I was planning to use my 2nd hock for making Red Beans & Rice for the New Year, but you've got me craving a big plate of greens now.  I've definitely got to cure and smoke more ham hocks right away!

Thank you for checking out my post and for the compliments!  Have a great week, and Merry Christmas!
Clarissa


----------



## chef willie (Dec 23, 2013)

Looks awesome Clarissa.....love hocks and beans and those look just soooo much better than anything in a market.

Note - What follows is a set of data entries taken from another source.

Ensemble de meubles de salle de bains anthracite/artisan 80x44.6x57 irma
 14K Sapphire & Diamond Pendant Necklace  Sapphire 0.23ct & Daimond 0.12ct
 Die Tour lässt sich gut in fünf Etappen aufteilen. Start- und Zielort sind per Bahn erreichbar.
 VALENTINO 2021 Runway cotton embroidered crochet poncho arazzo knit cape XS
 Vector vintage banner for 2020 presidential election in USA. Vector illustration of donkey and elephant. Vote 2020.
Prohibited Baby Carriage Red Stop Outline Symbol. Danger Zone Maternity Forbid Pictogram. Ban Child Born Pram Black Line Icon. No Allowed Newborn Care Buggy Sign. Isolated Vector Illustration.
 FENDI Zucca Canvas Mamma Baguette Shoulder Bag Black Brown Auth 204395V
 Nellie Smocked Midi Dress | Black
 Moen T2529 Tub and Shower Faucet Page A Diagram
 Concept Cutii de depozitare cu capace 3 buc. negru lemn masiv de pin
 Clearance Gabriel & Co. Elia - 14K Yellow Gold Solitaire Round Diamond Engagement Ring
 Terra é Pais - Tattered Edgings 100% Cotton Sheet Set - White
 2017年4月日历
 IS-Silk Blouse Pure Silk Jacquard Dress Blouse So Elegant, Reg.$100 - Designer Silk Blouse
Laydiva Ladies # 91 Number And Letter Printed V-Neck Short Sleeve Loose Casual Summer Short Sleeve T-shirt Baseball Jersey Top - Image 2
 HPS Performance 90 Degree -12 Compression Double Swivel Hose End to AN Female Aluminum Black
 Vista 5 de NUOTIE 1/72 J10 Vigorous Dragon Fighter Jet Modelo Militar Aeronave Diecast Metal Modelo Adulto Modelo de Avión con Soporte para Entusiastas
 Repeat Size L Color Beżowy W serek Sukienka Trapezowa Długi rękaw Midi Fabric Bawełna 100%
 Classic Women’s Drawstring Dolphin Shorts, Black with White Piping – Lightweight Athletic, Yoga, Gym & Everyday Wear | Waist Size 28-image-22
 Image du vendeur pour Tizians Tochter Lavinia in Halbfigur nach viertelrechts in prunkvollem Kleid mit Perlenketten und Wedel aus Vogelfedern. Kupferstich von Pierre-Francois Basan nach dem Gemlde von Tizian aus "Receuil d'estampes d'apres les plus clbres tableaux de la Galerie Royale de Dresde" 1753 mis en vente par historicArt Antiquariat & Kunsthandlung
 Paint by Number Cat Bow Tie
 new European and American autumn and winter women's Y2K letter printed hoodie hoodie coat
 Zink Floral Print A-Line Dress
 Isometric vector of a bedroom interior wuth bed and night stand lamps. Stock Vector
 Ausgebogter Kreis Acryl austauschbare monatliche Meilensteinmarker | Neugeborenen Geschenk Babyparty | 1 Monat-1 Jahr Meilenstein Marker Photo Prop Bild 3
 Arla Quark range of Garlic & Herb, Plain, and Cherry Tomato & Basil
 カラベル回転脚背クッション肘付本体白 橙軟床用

Isn't Hoppin' John traditional on New Years for good luck in the coming year??.....another tasty bean dish.....Have a great Christmas, neighbor...........Willie


----------



## snorkelinggirl (Dec 23, 2013)

Chef Willie said:


> Looks awesome Clarissa.....love hocks and beans and those look just soooo much better than anything in a market. Isn't Hoppin' John traditional on New Years for good luck in the coming year??.....another tasty bean dish.....Have a great Christmas, neighbor...........Willie



Did I get my "good luck in the coming year" bean dishes mixed up?  Crap, I'm screwed for 2014!  :biggrin:

But hey! It's good to see you stopping by!  I've been wondering how you were doing.  Hope everything is going well for you.  

Take care and hope you have a great Christmas and New Year too!!
Clarissa


----------



## pops6927 (Dec 23, 2013)

Fantastic beans and hocks, Clarissa!  So very glad I could help and never hesitate to ask me anything!  Just a wonderful feeling being able to bring such food happiness to all others who like such stuff!  And to hear how much they enjoyed it!  Dad sent his products all over the world to people.  I've sent his producing methods all over the world too and I am positive he is up in The Big Smokehouse glad that I have so others could enjoy over and over again!


----------



## chef willie (Dec 24, 2013)

SnorkelingGirl said:


> Did I get my "good luck in the coming year" bean dishes mixed up? Crap, I'm screwed for 2014!
> 
> 
> 
> ...


LOL.....all is well here, survived the snow quite nicely. I've never actually made the Hoppin John for NYD but do remember the tale. I'll assume some culture claims hocks & beans as lucky also so me thinks you're safe. Regards and again, have a great Christmas....


----------